Denver Broncos linebacker Von Miller and Chicago Bears quarterback Nick Foles were among the current and former NFL players whose investment money was used to fund controversial high-interest loans targeting low-income people in Texas prior to an October bankruptcy case.
ESPN's Mike Fish reported Friday the players worked with financial investor Joseph "Joey" Feste, who created the Storehouse Lending LLC to fund the loans for partner company KJC Auto Title Loan, which court documents showed indirectly received at least $6 million from NFL players via Feste.
Other players linked to Feste's dealings were Mark Brunell, Derrick Brooks, Jamaal Charles, Matt Flynn, Shane Vereen, Marques Tuiasosopo, Justin Forsett, Sean Weatherspoon, Renaldo Wynn and Damian Williams.

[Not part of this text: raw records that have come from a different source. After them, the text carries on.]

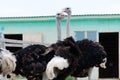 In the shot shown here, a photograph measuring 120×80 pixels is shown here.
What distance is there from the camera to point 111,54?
17.0 m

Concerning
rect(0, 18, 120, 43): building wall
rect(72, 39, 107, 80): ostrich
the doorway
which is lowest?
the doorway

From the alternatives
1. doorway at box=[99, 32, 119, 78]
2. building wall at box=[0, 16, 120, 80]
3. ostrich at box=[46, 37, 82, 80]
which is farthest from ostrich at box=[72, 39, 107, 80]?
doorway at box=[99, 32, 119, 78]

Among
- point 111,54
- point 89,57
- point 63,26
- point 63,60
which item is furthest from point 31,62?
point 111,54

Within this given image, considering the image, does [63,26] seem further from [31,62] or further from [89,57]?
[31,62]

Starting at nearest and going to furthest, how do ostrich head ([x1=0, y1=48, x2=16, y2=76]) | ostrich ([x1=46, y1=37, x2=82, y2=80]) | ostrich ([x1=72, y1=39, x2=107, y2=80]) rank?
ostrich head ([x1=0, y1=48, x2=16, y2=76]) → ostrich ([x1=46, y1=37, x2=82, y2=80]) → ostrich ([x1=72, y1=39, x2=107, y2=80])

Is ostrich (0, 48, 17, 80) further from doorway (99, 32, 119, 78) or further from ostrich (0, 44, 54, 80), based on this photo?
doorway (99, 32, 119, 78)

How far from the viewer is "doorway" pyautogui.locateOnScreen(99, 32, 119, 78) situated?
16.6m

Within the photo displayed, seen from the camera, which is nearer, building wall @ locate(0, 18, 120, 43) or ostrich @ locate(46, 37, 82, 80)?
ostrich @ locate(46, 37, 82, 80)

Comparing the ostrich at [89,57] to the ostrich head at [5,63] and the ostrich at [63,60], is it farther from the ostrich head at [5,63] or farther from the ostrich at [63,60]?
the ostrich head at [5,63]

While most players or their representatives declined comment for the ESPN story, Flynn told Fish that Feste did a "great job'' as his financial advisor, though he denied knowledge of how his money was used.
"Yeah, again, I don't really know enough about it," Flynn said. "When you're playing, you don't take a deep dive into everything where your money is at. But you understand everything from a pretty decent perspective."

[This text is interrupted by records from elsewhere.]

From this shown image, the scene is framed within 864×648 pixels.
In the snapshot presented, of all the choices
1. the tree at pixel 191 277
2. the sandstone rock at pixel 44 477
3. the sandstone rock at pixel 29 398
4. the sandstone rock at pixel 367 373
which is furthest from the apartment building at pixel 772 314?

Feste's attorney, Andrew Kim, described the information as old news and said his client was cleared of any criminal activity. Nobody linked to the loans, which are legal in Texas, has been charged with a crime.
"My client's reaction is that this is an old story about an old investment that has been vetted by several regulatory entities charged with the responsibility of doing so,'' Kim told Fish. "It was completely cleared of any problems. It was a totally legal business.''
Feste had his registration with the NFL Players Association revoked in May 2017 in part for not disclosing a civil lawsuit he'd filed for his LLC against KJC Auto.
Although that eliminated a direct link between himself and the NFLPA, it didn't prevent him from acting as a financial advisor for players through KM Capital Management, as he's continued to do for the Kansas City Chiefs' Patrick Mahomes, Miami Dolphins' Tua Tagovailoa and others, according to ESPN.
"Joey is one of the financial planners some of our guys use," NFL agent Leigh Steinberg, who represents Mahomes and Tagovailoa, said. "I don't know much about the specifics."
Financial documents show players and other clients of Feste typically received between a 9 and 20 percent return on their investment from money used to fund the KJC Auto loans. However, the loan borrowers, who lacked access to traditional banking resources, were charged large fees and interest up to 300 percent. One borrower cited by Fish was required to pay back over three times the amount of her loan of just over $1,000 as a result of fees and interest.
"It was, in my mind, criminal because the ones who were taking out the loans were generally poor people who could least afford to repay, and who were not necessarily financially savvy," KJC Auto bankruptcy trustee Marilyn Garner told Fish. "And the problem is, it is not illegal.''
Feste continues to serve as the president and chief compliance officer at KM Capital.